Blog › Forums › Raising Metabolism › Is it too late for me? › Reply To: Is it too late for me?
Linda, I get what you are saying about trying to accept yourself and not really buying it lol. What works for me is to say sth like I accept that I don’t accept and love everything about myself. Because only the truth works.
I really like this book that Real Amy recommended on another thread. Hope and help for your nerves by Claire Weekes.I think, that addressing stress is the first thing in order in combination with solid whole food meals and drinking less, before trying to eat huge quantities of food. Because if you are still a very anxious person, the food you eat, is likely going to turn into fat and it’s an upstream battle. This might not be true for someone with an eating disorder or who severely restricted carbs..They might really need to stuff themselves. But then I’m also still trying to figure it out.
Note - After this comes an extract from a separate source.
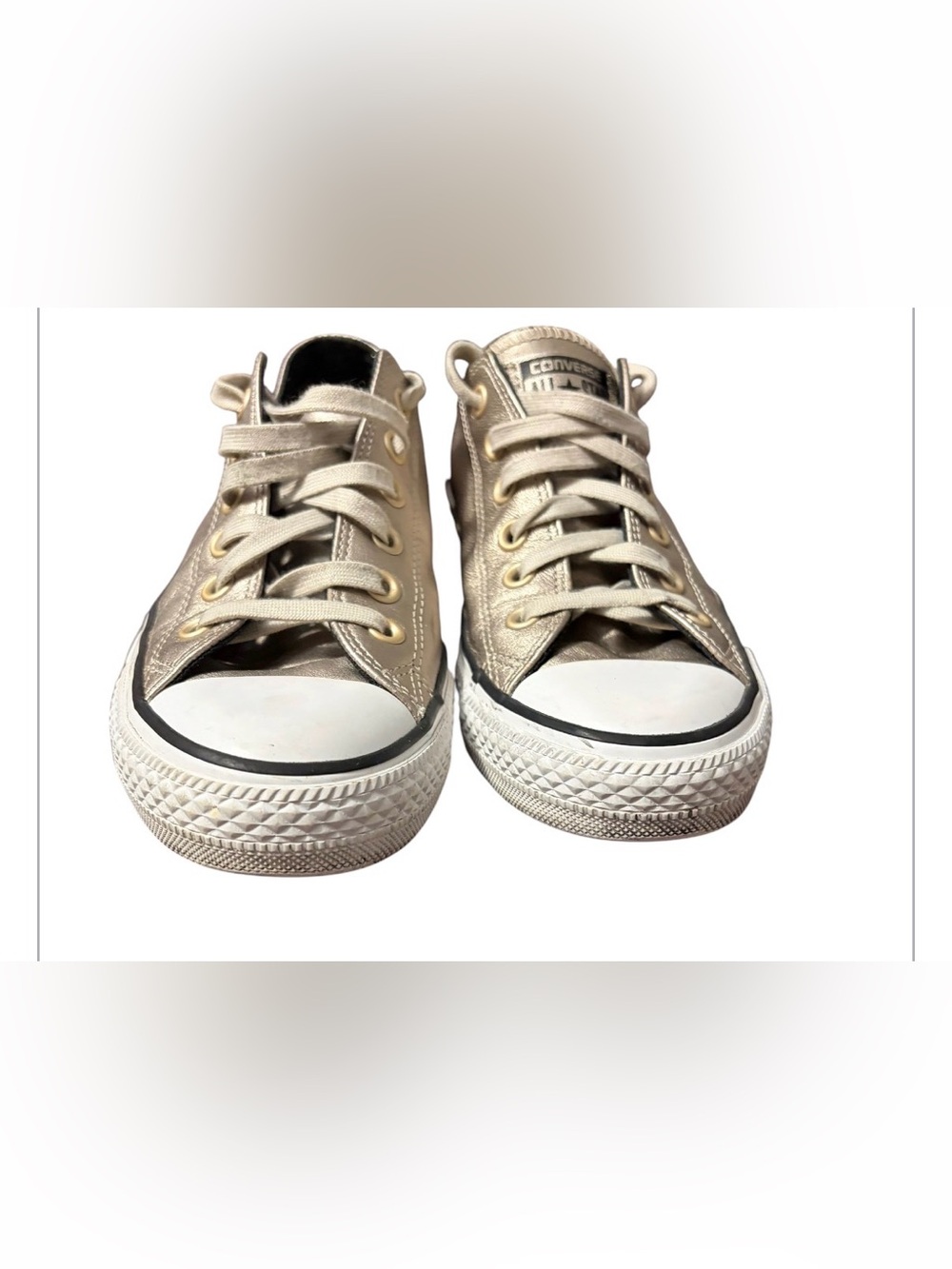 Converse Metallic Gold Low Top Sneakers with White Toe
But I know that I have a lot of fearful thoughts that cause me to feel slight pressure a lot of the time. That affects hormones?But eating up and adding maple syrup to my breakfast and having a couple of scoops of full fat ice cream after a lunch of sweet potato, fish and coconut oil, salt with everything etc seems to be a big step in recovering the adrenals. I’ve come a long way and used to also take supplements for adrenal. Urgh, how I hated spending the money and seeing no results. I’m much calmer now and have had my period back this whole last year. But when I really eat all the way eat for heat like I did the last 2 months I gain lots of weight. And I think that i need to address the stress attitude before doing that.